For Immediate Release
August 18, 2003
The U.S. Department of Commerce announced today the imposition of a $165,000 fine and a three-year denial of export privileges on E & M Computing Ltd. (E&M), of Ramat-Gan, Israel, to settle multiple charges that the company violated the Export Administration Regulations (EAR) when it sold and serviced computers and computer components to three customers in Israel, including a nuclear research center. The denial period was suspended for three years, and will thereafter be waived if the company does not violate U.S. export control laws during the period of suspension.

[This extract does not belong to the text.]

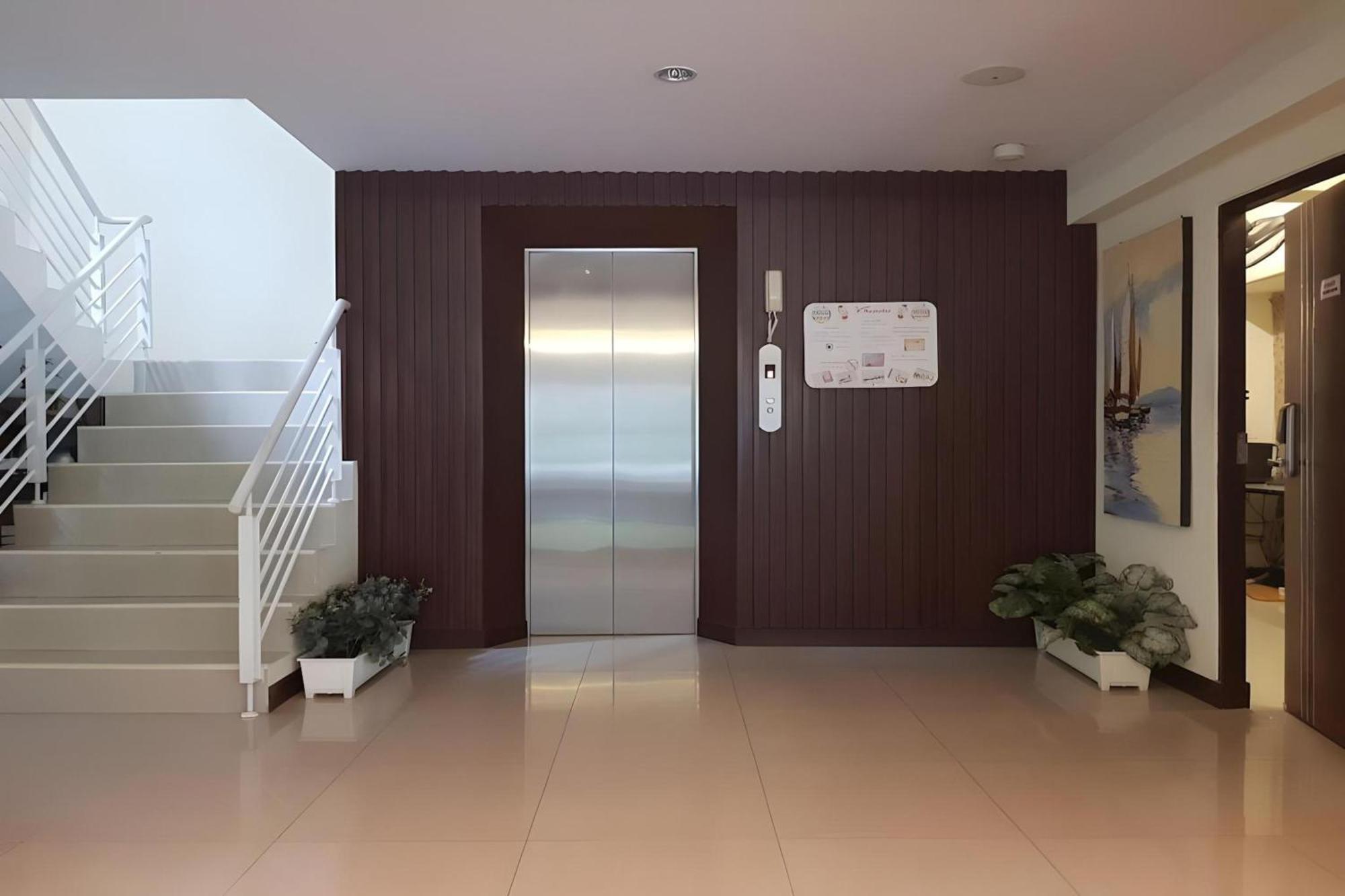 Collection O Vresotel Nonthaburi Exterior photo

The Commerce Department’s Bureau of Industry and Security (BIS) charged that E&M caused the export of central processing units (CPUs), a workstation, a server, and a high performance computer to Israel without the required export licenses. BIS also charged that E&M evaded the EAR by purchasing computers from another vendor after learning that BIS would deny the first vendor’s license application to export the items.

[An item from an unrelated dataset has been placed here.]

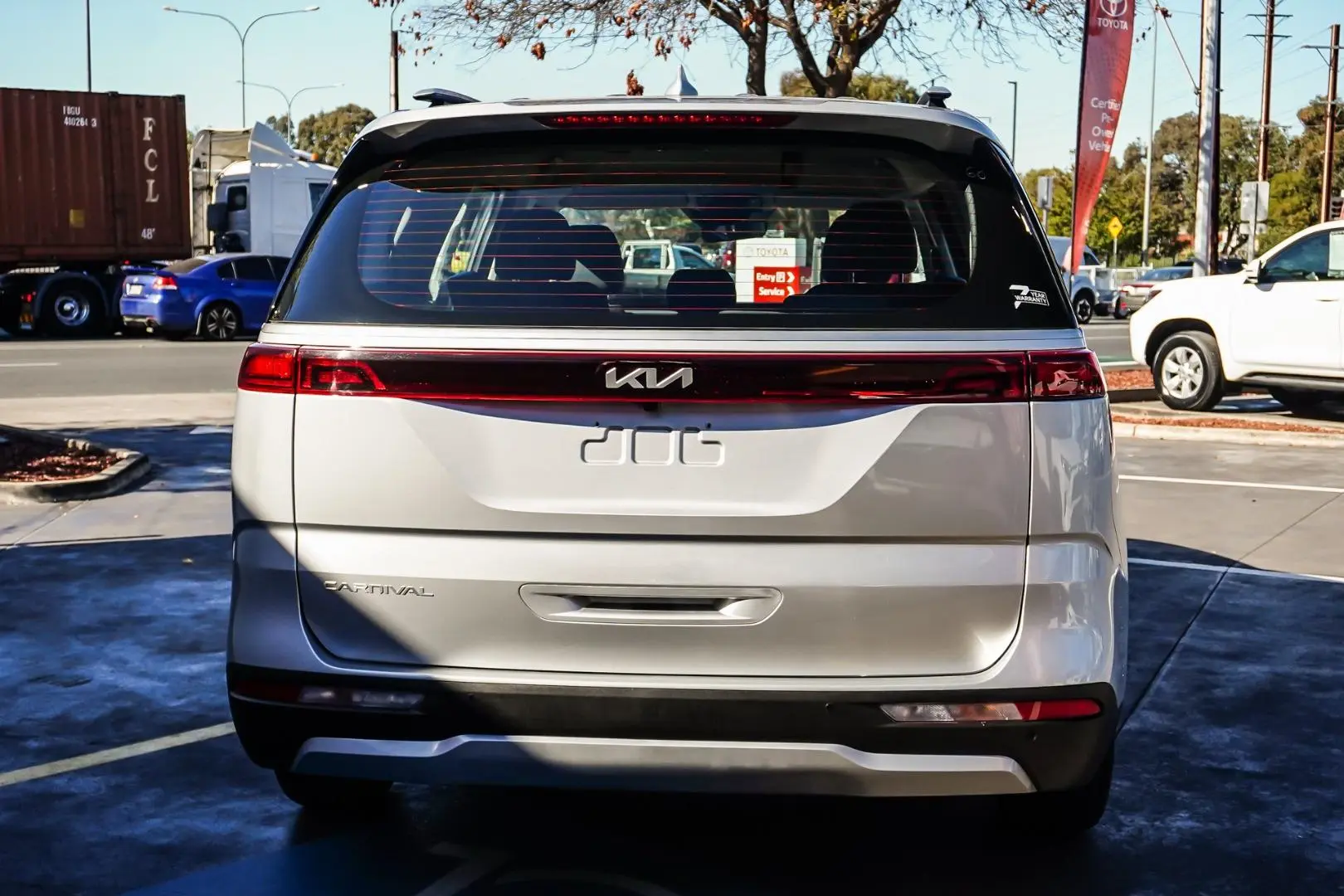 2022 Kia Carnival Gallery Image 5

In addition, BIS charged that E&M “loaned” a computer to
a customer until a BIS license could be obtained, and then provided false
and misleading information in support of the license application. E&M
later attempted to avoid detection of this loan by removing the computer from
the end-user when they were notified that BIS officials were planning to conduct
a post-shipment verification.
In other instances, E&M upgraded computers above the export control threshold with CPUs from its own warehouse. E&M also sold or loaned a server to a customer without authorization, after learning that a BIS license was required. Finally, E&M failed to disclose these upgrades to BIS when filing notifications required by the National Defense Authorization Act of 1998.
“This case demonstrates that companies may not evade the license requirements on exports of computer equipment by making illegal upgrades and transfers in-country. BIS will continue to pursue efforts by companies to circumvent U.S. export controls,” said Acting Assistant Secretary of Commerce for Export Enforcement Lisa Prager.
Acting Assistant Secretary Prager commended Special Agent Erin Kelly of BIS’s
San Jose Field Office for her efforts in this investigation.